Other URLs that matter?
- Stage Prometheus: https://prometheus.crcs02ue1.devshift.net/
- Prod Prometheus: https://prometheus.crcp01ue1.devshift.net/
How to update the dashboard?
The best way to work on the dashboard is to head to the stage grafana instance and open the Cloudigrade dashboard there. You'll be able to make and test all the changes you want, with one catch, you can not save your dashboard directly there. When you go to save you'll be presented with a JSON representation of the dashboard. Paste that JSON whole into grafana-dashboard-clouddot-insights-cloudigrade.configmap.yaml being careful not to break the ConfigMap formatting.
After the code is merged to master, it should automatically deploy to stage. To promote the dashboard from stage to production, update the ref here.
How do I make my dashboards not suck, any resources?
- Use thanos to test your PromQL queries
- Prometheus Querying Basics Docs
- A blog on counters
- Grafana Introduction to PromQL
- Official python prometheus client readme
Testing SRE/app-interface alerts
Although you cannot directly test an alert in the stage/prod environments, you must write unit tests for all alerts.
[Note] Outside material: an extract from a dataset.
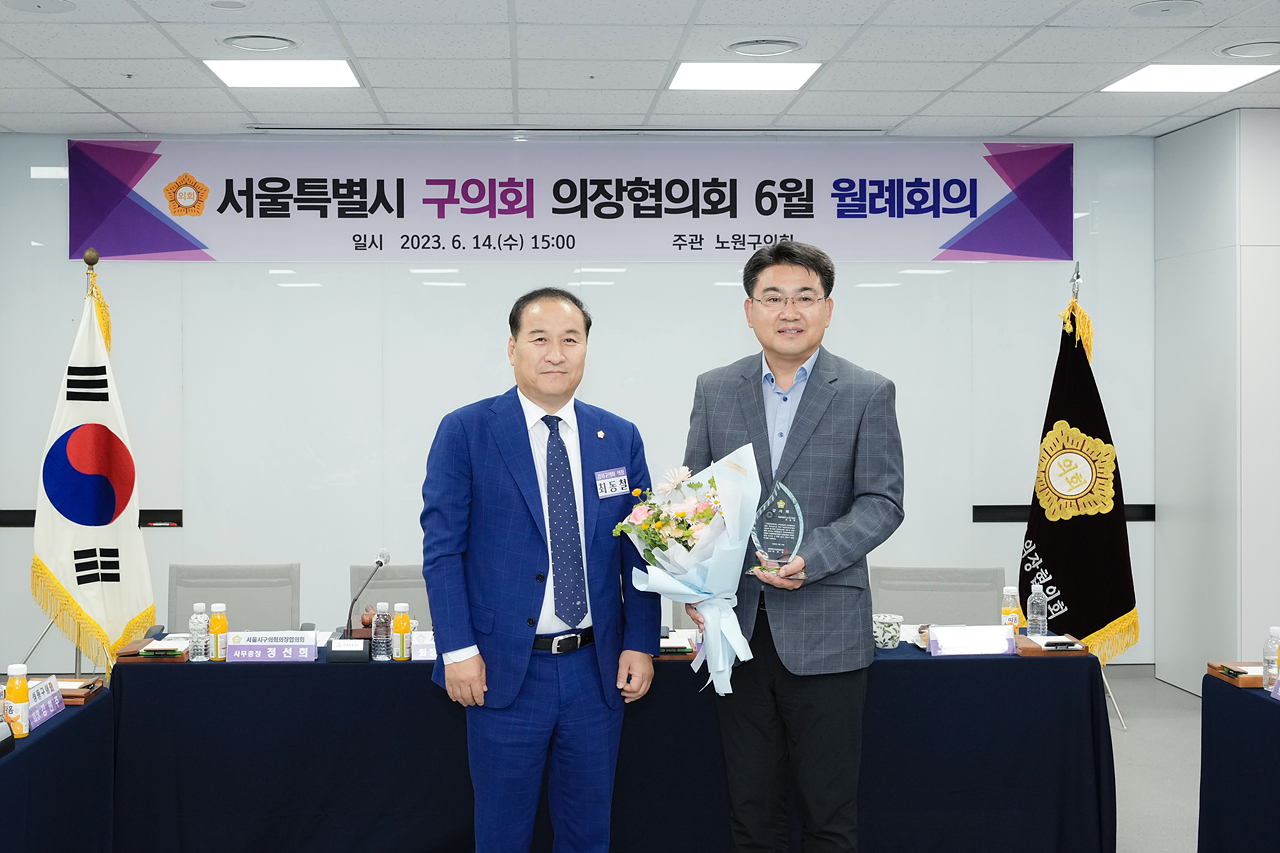 서울특별시 구의회 의장협의회 6월 월례회의 - 15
Note that running tests locally requires you to run the qontract-reconcile
server in one shell while calling qontract-cli
from another. Unfortunately, the server is not smart enough to detect changes to files while it's running. So, if you are actively developing a test, each time you save, you'll need to stop the server and make server
which rebuilds files and restarts the server. Yes, this is painfully slow. :shrug: If we can find a faster way to test, we'll update these notes.
The arguments for qontract-cli
are not entirely obvious. Here is one set of commands that should work:
$ qontract-cli --config config.promtool.toml run-prometheus-test -s config \
resources/insights-prod/cloudigrade-prod/cloudigrade.prometheusrules-test.yaml \
crcp01ue1
$ qontract-cli --config config.promtool.toml run-prometheus-test -s config \
resources/insights-stage/cloudigrade-stage/cloudigrade.prometheusrules-test.yaml \
crcs02ue1
Note that you need to specify which cluster (e.g. crcp01ue1
) the test would run in. This command doesn't actually call anything in the cluster; it's just data for the testing.